At age six months, my daughter Savannah was diagnosed with severe food allergies to milk, eggs and peanuts. Since then, we have strictly avoided all of those foods. Through the years, we have had few accidental exposures, and to my knowledge, she had never consumed an egg product.
Life Without Eggs
Savannah has never eaten mayonnaise or marshmallow fluff. We are often asked, “Can she eat egg substitute, like Egg Beaters?” The answer is a firm, “No, that’s still actually eggs.” She can have egg replacers, such as Ener-G Egg Replacer, but those of us in the egg-allergy world know that is not something you would eat for breakfast. In a controlled environment, Savannah has successfully received flu shots (some egg-allergic patients do not tolerate flu vaccines, which use eggs in the manufacturing process).
Getting Ready for the Challenge
When Savannah turned six last year, our allergist told us that she had reached the age that we could try a baked egg challenge. If she passed the food challenge, she would be able to eat fully baked or processed eggs in the form of most baked goods, such as bread, cakes, muffins and brownies. Baked goods that wouldn’t be considered safe are quiche, angel food cake, breads that are brushed with egg-white (so they look shiny and pretty in the display case), meringues, egg custards (such as flan and crème brulee), or anything else that might have a high concentration of eggs. She would also be able to eat egg noodles.
I’ve met other allergy moms whose kids have had successful baked egg challenges, and that was encouraging. Some of them went on to have successful scrambled egg challenges. Even more encouraging. Risky? Yes, but we felt comfortable that Savannah was in good hands in the controlled doctor’s office environment, so we decided to move forward this week with the baked egg challenge.
Savannah seemed very excited about our appointment, probably because she loves to watch Youtube videos of people making baked goods, many which contain eggs. But, she has never been able to eat those same recipes.
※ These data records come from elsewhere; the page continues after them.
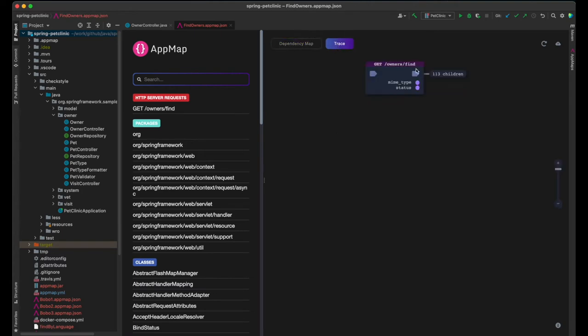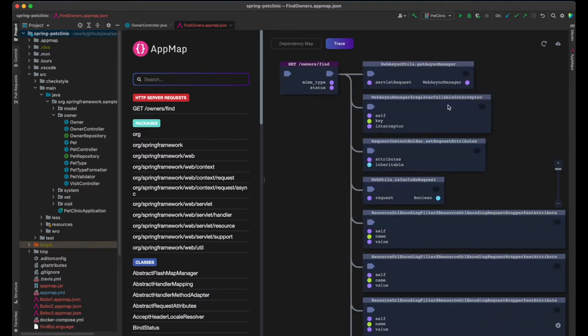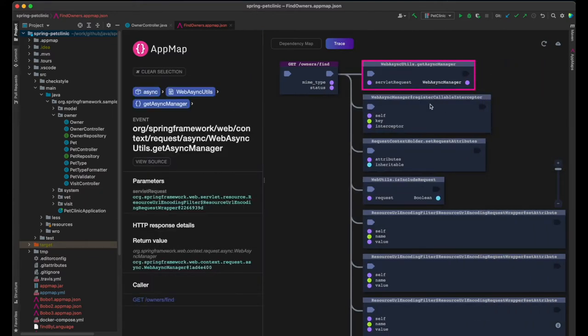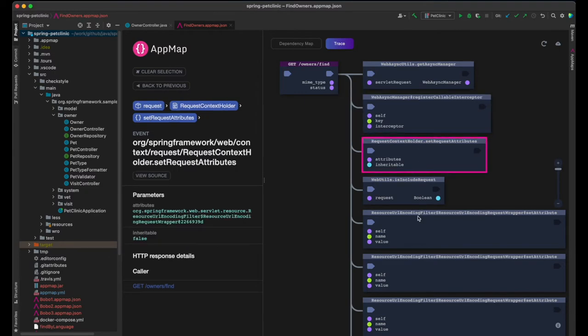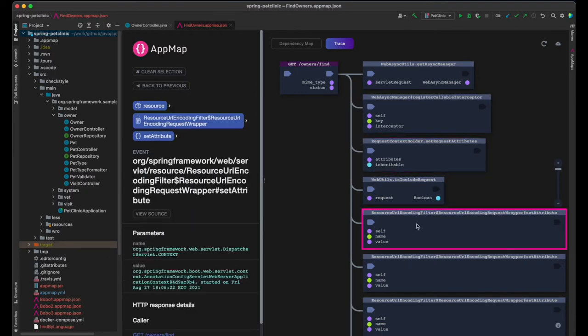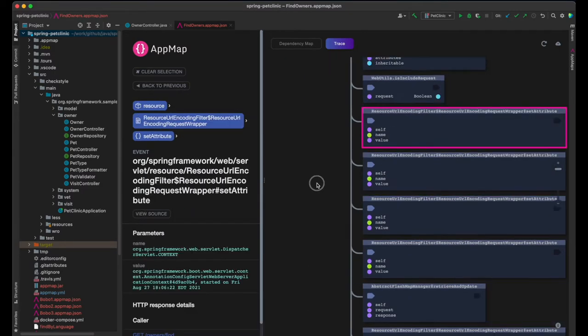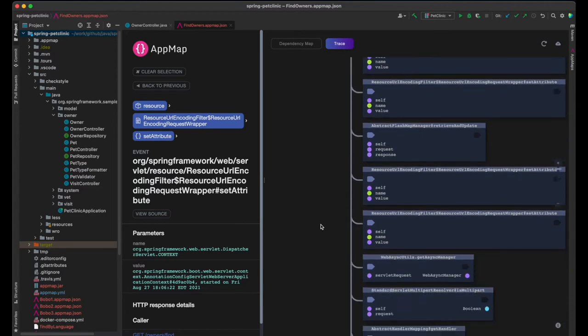This is the first recorded AppMap of the Find Owners page. The execution trace starts with the Get Owners Find server request. Let's drill into its details now. We can briefly skim the initial calls to the web framework.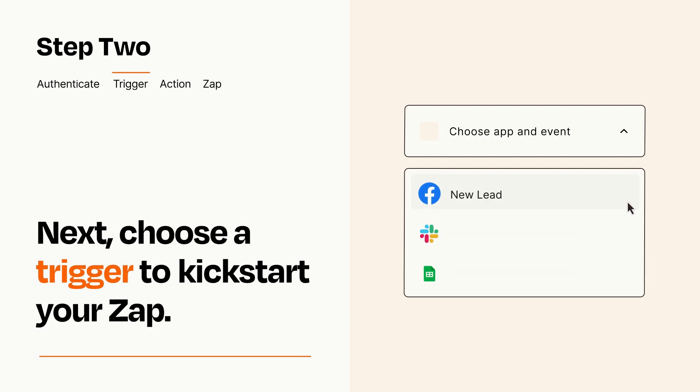Now let's set up your trigger, which is the event that starts your Zap. Pick the trigger event that you want from the list.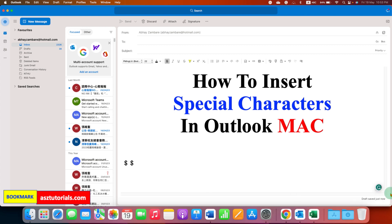Now check out these useful videos related to Outlook Mac. Click the like button, comment below and let me know if this video solved your problem. Subscribe and press the bell icon to support the channel. Thank you.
If she passed the baked egg challenge, it could open up some new options that she couldn’t have before. Additionally, it could lower her risk of accidental exposure to the allergen.
For our appointment, I made a 9” round chocolate cake that contained one small egg. Knowing the process would last a few hours, I came prepared with magazines, a coloring book, and an iPad. When we arrived, our doctor spoke to us about what to expect, the stats, and the risks. We were told that 70% of egg-allergic patients can tolerate baked egg. For the test, Savannah would consume precisely measured amounts of the cake every 15 minutes, six times, increasing the amount of cake each time. She would be closely monitored for any allergic reactions. The staff would be coming in and out of the office throughout the process, checking her skin, breathing, heart rate, blood pressure and her mouth (for any swelling). In between each round, if we needed help, I could push the nurse’s call button on the wall.
Let Her Eat Cake!
The first serving was a few itty bitty crumbs of cake. No reaction. Yay! Second serving, no reaction. Yay! Third serving, no reaction. Yay! By now she had watched one episode of Fresh Beat Band and played several rounds of Temple Run. Fourth serving, no reaction. Savannah says, “Mmmm, this cake is so yummy!” Yay! But, she was really bored and wanted to go home (Sorry, not yet Sweetie).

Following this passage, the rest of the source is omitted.